Alive and Kicking is a musical revue with sketches by Ray Golden, I.A.L. Diamond, Henry Morgan, Jerome Chodorov, Joseph Stein, Will Glickman, John Murray, and Michael Stewart; music by Hal Borne, Irma Jurist, Sammy Fain, Hoagy Carmichael, Harold Rome, Sonny Burke, Leo Schumer, and Ray Golden; and lyrics by Paul Francis Webster, Ray Golden, Harold J. Rome, Leonard Gershe, Sid Kuller, and Michael Stewart.

==Production==
The revue had a pre-Broadway tryout at the Shubert Theatre in Boston in December 1949 and in Hershey, Pennsylvania, in January 1950. The production opened on Broadway at the Winter Garden Theatre on January 17, 1950, and closed on February 25, 1950, after 46 performances. The production was directed by Robert H. Gordon and choreographed by Jack Cole (who also performed), with scenic design and costumes by Raoul Pène Du Bois.

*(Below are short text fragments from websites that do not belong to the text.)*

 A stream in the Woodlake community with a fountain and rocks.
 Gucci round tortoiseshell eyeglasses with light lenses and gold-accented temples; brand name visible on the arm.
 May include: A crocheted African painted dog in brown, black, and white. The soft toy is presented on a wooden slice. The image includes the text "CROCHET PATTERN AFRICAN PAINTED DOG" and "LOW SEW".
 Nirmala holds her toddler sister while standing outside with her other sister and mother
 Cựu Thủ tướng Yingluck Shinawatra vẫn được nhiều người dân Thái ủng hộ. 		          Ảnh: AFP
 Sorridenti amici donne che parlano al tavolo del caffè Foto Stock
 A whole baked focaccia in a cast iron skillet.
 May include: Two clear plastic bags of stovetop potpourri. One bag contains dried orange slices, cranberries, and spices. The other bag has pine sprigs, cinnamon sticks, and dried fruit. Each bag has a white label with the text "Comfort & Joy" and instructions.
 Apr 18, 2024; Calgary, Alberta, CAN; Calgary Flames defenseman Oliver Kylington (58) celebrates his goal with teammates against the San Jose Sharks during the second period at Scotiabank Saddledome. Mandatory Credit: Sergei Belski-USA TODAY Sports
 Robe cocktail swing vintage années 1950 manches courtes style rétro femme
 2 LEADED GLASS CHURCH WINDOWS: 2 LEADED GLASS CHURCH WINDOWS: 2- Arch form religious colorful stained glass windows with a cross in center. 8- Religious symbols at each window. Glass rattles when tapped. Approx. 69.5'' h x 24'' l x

The cast included David Burns, Jack Cassidy, Jack Gilford, Carl Reiner, Bobby Van, and Gwen Verdon, who made her New York stage debut as a dancer. Verdon also served as Jack Cole's assistant choreographer.

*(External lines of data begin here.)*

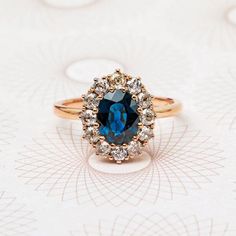 a ring with a blue stone surrounded by white and brown diamonds on a floral background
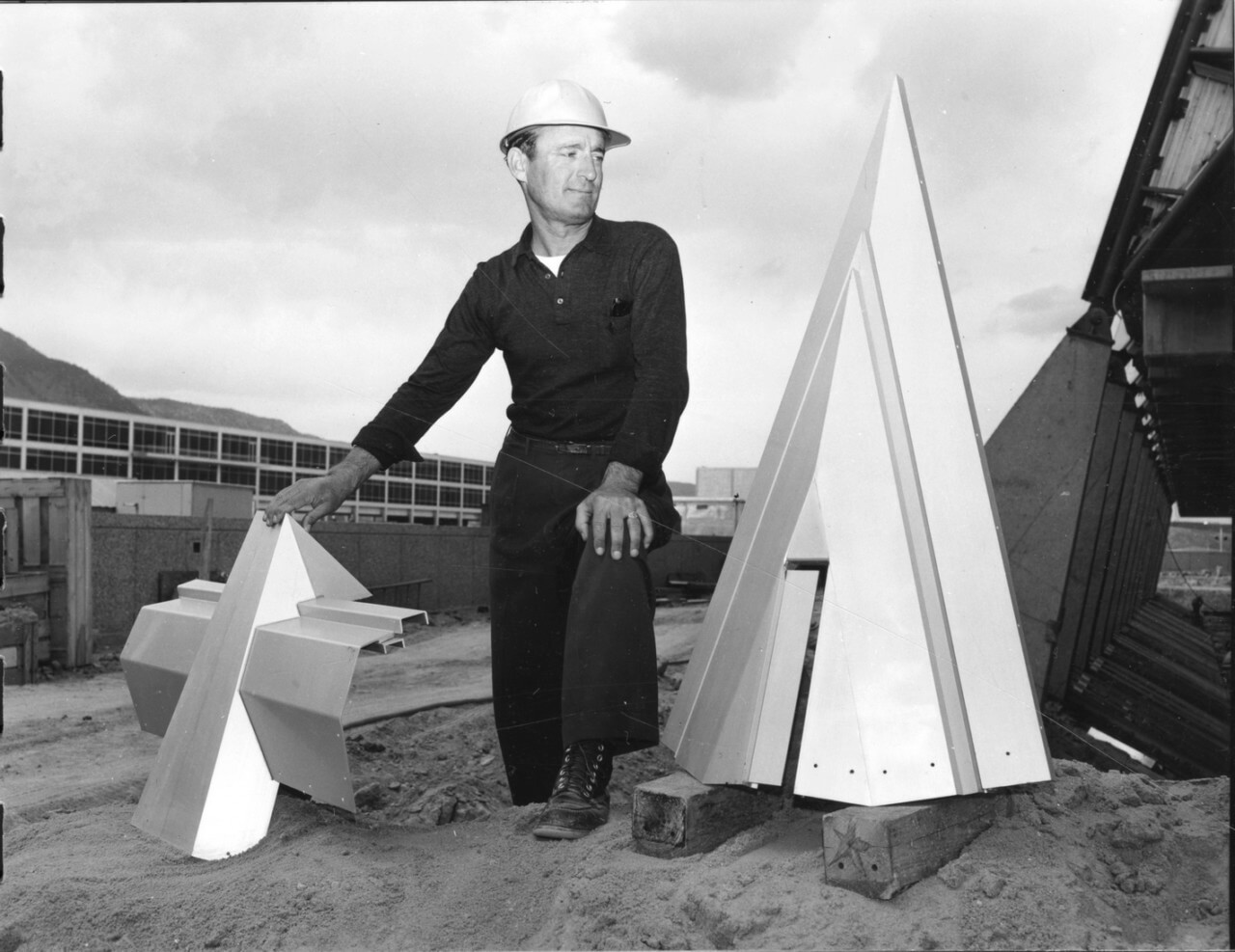 a man posed among peaks of a spire pre installation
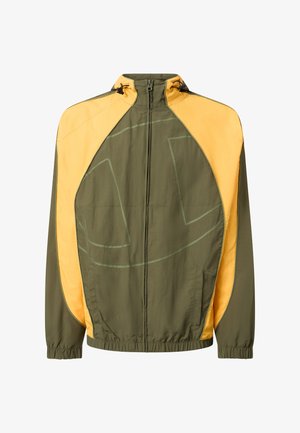 Oljčno zelena in rumena lahka jakna na zadrgo z visokim ovratnikom, elastičnimi manšetami in stranskimi žepi.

The revue contains a few comic sketches involving the way a newspaper is run, the military higher-ups, psychiatrists, and the popularity of the Edith Piaf-style of singing.The dances of Cole and Verdon were a smorgasbord of ethnic styles, his trademark. One dance from the revue was called "The Reason for Divorce is Marriage."

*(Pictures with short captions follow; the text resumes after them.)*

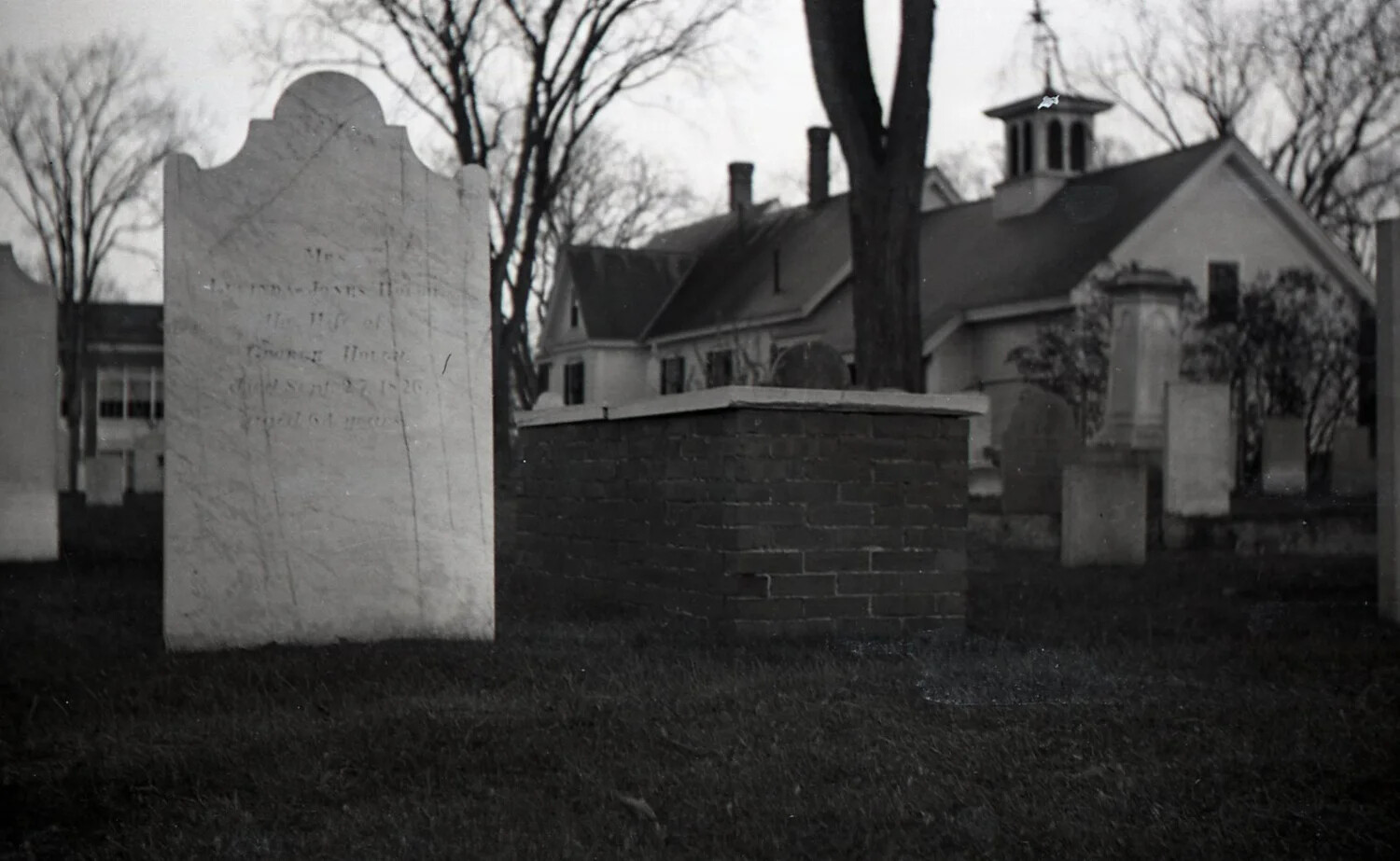 Weathered Headstone and Brick Tomb Before Colonial Meeting House, New England Burying Ground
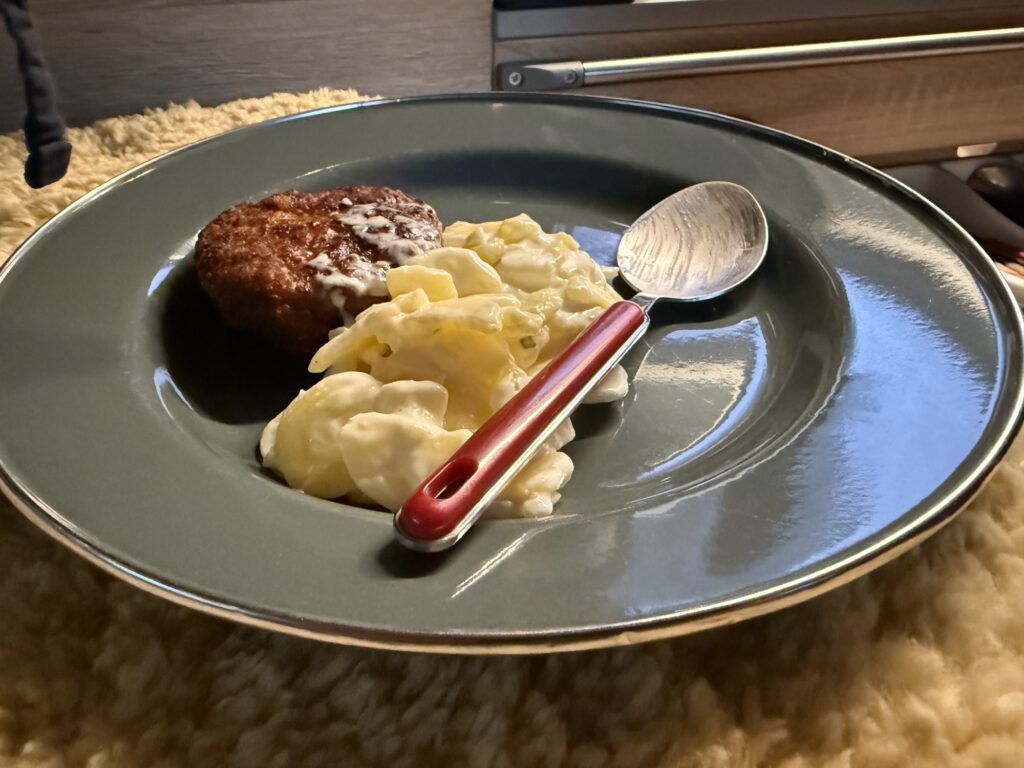 Teller mit einer warmen Frikadelle mit Kartoffelsalat und einem Löffel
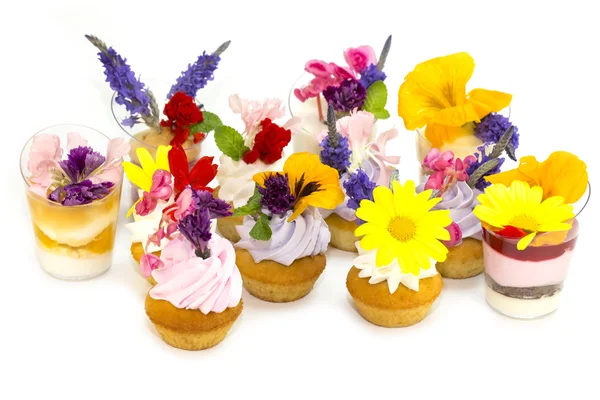 Muffins and canapes with flowers — Stock Photo, Image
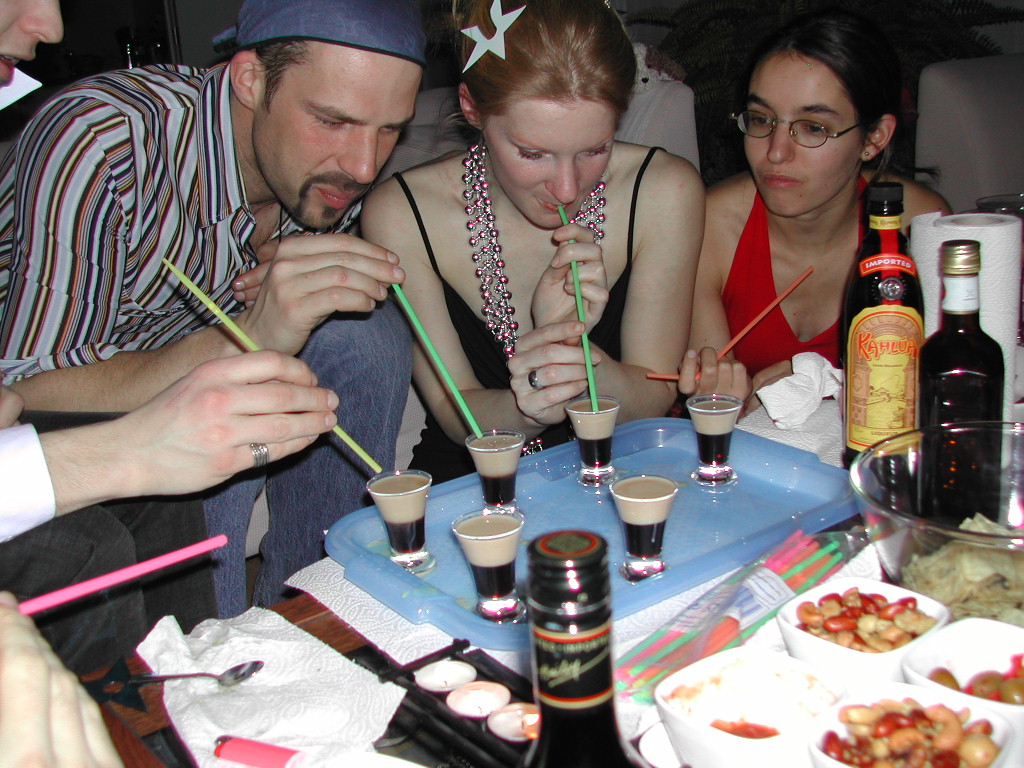 A group of people use straws to drink layered shots from a tray at a party.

Ziegfeld Follies-style musical reviews were still popular in 1950, but soon afterwards, the introduction of variety shows on television made the theatrical revue almost obsolete.

==Songs==
- "Abou Ben Adhem"
- "Alive and Kicking"
- "Building Going Up"
- "Cole Scuttle Blues"
- "Cry, Baby"
- "French With Tears"
- "I Didn't Want Him"
- "One Two Three"
- "My Day of Rest"
- "Propinquity"
- "A World of Strangers"

==Sketches==
- Hippocrates Hits the Jackpot
- I'm All Yours
- Meet the Authors
- Once Upon a Time
- Pals of the Pentagon
- What a Delightful Day

==Critical response==
Brooks Atkinson, in his review in The New York Times, wrote that it was a "mediocre revue in a mongrel style." He praised the sketch work of David Burns ("funny as a grandiloquent literary speaker at an author's luncheon") and Jack Guilford (in a "burlesque of the noble virtue of giving up cigarette smoking"). He especially praised the work of Cole who "has happily designed the choreography with no relation to anything else in the show. Every step and movement in it is bizarre and graphic...Mr. Cole is a superb dancer. He is like a macabre manikin out of a decadent show window...When he dances he is all unearthly fire and flickering motion."